水木しげるや藤子F不二雄の短編でありそうな話だ。
吹き替えで観たのだが、カミーユ・ビダン等の真面目すぎてイカれたキャラを得意とする飛田展男氏がヒトラーを吹き替えてるのでめちゃくちゃ面白い。
終盤までずっと、甦ったヒトラーがドイツ国民に対して如何にもヒトラーが言いそうなことを遠慮なく言う(本人なので当たり前だが)。
そのトークは物真似芸人として消費されるのだが、ヒトラーの言葉はある側面で真理を突いており、国民が「(誰か他人に)断定的に強く言って欲しい」感じのことを言いまくるのでたちまち人気者となりブレイクする。
まるでトランプ大統領が誕生する過程みたいだ。
彼を危険視するキャラもちょくちょくいるのだがヒトラーが居る場所の奔流に対してはドロップ・イン・オーシャン‥海に水滴を落とすようなもので止めることはできない。最終的には一度動き出すと止めることの出来ない巨大な機械が完成して忌まわしい歴史が繰り返されるであろう不吉な予感を感じさせて終わる。
ヒトラーを売り出すTV局の副社長(セクシー熟女)は彼を上手くコントロールできていると思っている。そして彼が本物のヒトラーだと気付いてはいないがもし仮に彼が本物だったとしても人は歴史から学び、同じことは起きないと甘く見積もっている事が見て取れる。だが世界や日本の様子を見ると「人は歴史から学び同じ過ちは繰り返さない」というのはかなり怪しい、と我々はわかっている。
恐らく「人は歴史から学び同じ過ちは繰り返さない」と過信している者ほど危ういと思う。また人が持つ暴力性などを否定したいがあまり「自分は極限状態になっても絶対に暴力的なことやレイプはしない!」と思いがちだが、そのように強く思うような人ほど、極限状態になったらそうすると思う。
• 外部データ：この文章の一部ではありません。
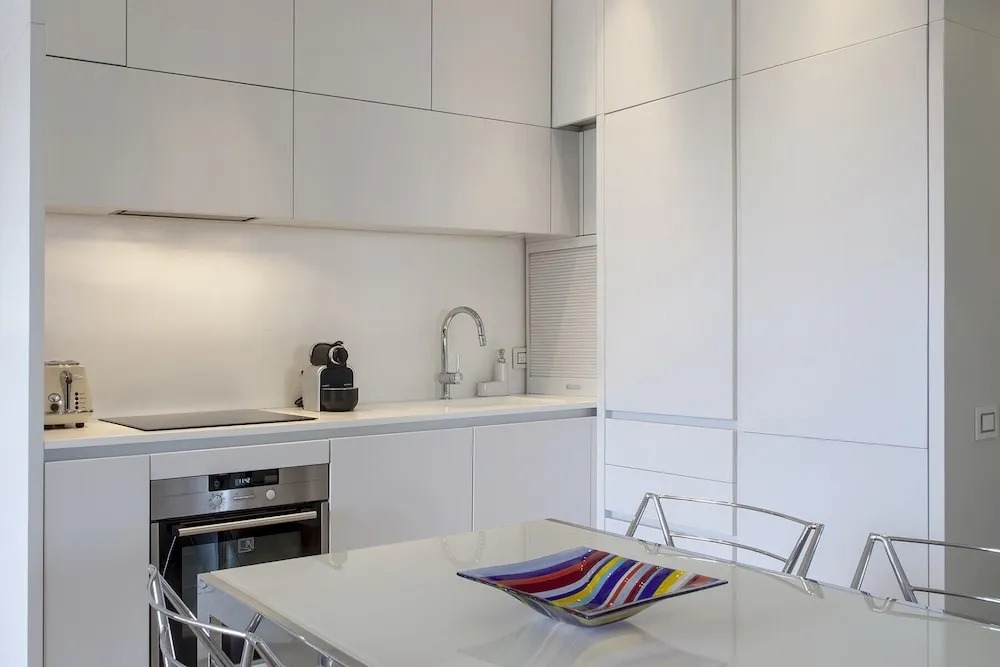 Duplex Penthouse by Rothschild Pkg TL54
だから人は「人間には皆そういう部分があって、極限状態になったらきっと自分もおかしな事をしてしまうのだろう」と思うことこそが、そういう事態を避ける予防になるのだと思う(何故?と訊かれても論理的具体的に答えられないが絶対そうだと思う)
終盤までのヒトラーは、愛嬌ある魅力的なおじさんとして描かれる。
ヒトラー的な態度や意見を演説して、誰に対しても「自分はヒトラーである」と堂々と言い放ち国民にモノマネ芸人扱いされても「バッカモーン!わしはヒトラーだ!」などと怒ったりはせず「まあ普通そう思だろうな」と、怒らず柔軟に応対するのが良い感じ。
はっきり言ってかなり魅力的なオッサンに見える。
ここが本作の最も優れている部分だろう。
原作小説はこの「ヒトラーの良い部分も肯定的に描く」という部分が批判されて原作者が「ヒトラーの優れた部分も同時に描かないとリアルじゃない」と反論したらしい。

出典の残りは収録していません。